After his guilty plea, Cruz Moreno spent 75 days in jail and then successfully completed domestic violence and drug and alcohol treatment courses. Following his release, he was detained by ICE on the grounds that he had committed a felony offense and opted for a voluntary departure from the U.S. in September 2002. By choosing a voluntary departure, he avoided a deportation note on his immigration file, which would have made it even more difficult for him to return to the U.S.
Priscilla and Cruz Moreno anticipated that he would only be gone for a short time and would be able to apply for lawful immigration status at the U.S. consulate in Honduras. But his petition to re-enter the U.S. was denied, so he returned to the country unlawfully.
Priscilla characterizes herself and Cruz Moreno as completely different people from who they were in 2000. They've become church-goers and have controlled their drinking issues.
"He’s such a good guy. My God, he’s so good. He’s not a perfect man, by no means. But he’s a good guy," says Priscilla.
Between Cruz Moreno's return to the U.S. and September 2018, the family kept a low profile and didn’t mention his immigration status to many people.
“Very few people knew. We were living with the fear, living very quietly,” says Priscilla.
That fear eventually came to fruition last September, when ICE agents went to the family's home and arrested Cruz Moreno as he was going to work. He's been in the Aurora immigration detention facility ever since.
"If I get deported, it's going to be really hard for all of us," he says.
His wife and stepdaughter have since been advocating the GEO Group, which operates the Aurora facility through a contract with ICE, to improve conditions at the center and have rallied politicians to reach out to the governor's office on Cruz Moreno's behalf.
Representative Alex Valdez says that he has spoken with the governor's office about the pardon request.
"My thoughts are with the family of Henry Cruz Moreno, [and] my office will continue to monitor the progress and hope for a favorable outcome," Valdez wrote in an email.

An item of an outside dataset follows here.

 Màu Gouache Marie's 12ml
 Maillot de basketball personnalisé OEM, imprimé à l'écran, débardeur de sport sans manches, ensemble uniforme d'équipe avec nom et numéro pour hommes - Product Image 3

Senator Julie Gonzales, a strong advocate for immigrant rights, penned a letter on Cruz Moreno's behalf that she sent to Polis. In the letter, Gonzales focused on the deteriorating mental and physical health of some of Cruz Moreno's family.
“All of his family members depend on Mr. Cruz Moreno’s financial support, and he is also a key provider of support to his wife, who suffers from myriad ongoing health issues stemming from the complications of diabetes. Most concerning, however, is the fact that Mr. Cruz Moreno’s granddaughter recently attempted death by suicide for the second time, and that his prolonged detention has severely negatively impacted his granddaughter’s psychological and emotional wellbeing," Gonzales wrote.
Farah and Priscilla have also started a petition on Change.org to get Polis to accept his pardon request, gathering close to 5,000 signatures as of this writing. Former governor John Hickenlooper pardoned 156 individuals.
For its part, Governor Polis's office, which has received over seventy pardon and commutation requests, says it does not comment on pending applications.
The biggest knock against Cruz Moreno's pardon application is the most obvious one.
"The fact that it's a felony and domestic violence are two strikes against him," says Phil Cherner, a retired Denver lawyer who represented death row inmate Nathan Dunlap in an appeal of his death sentence. "The governor can do it. The question is, does the governor want to do it? Doubly so, if it's your first pardon. It strikes me as politically dicey."
But the family remains hopeful that Polis will pardon him.
"It’s killing him, it’s killing us. It’s horrible. It’s painful," says Priscilla.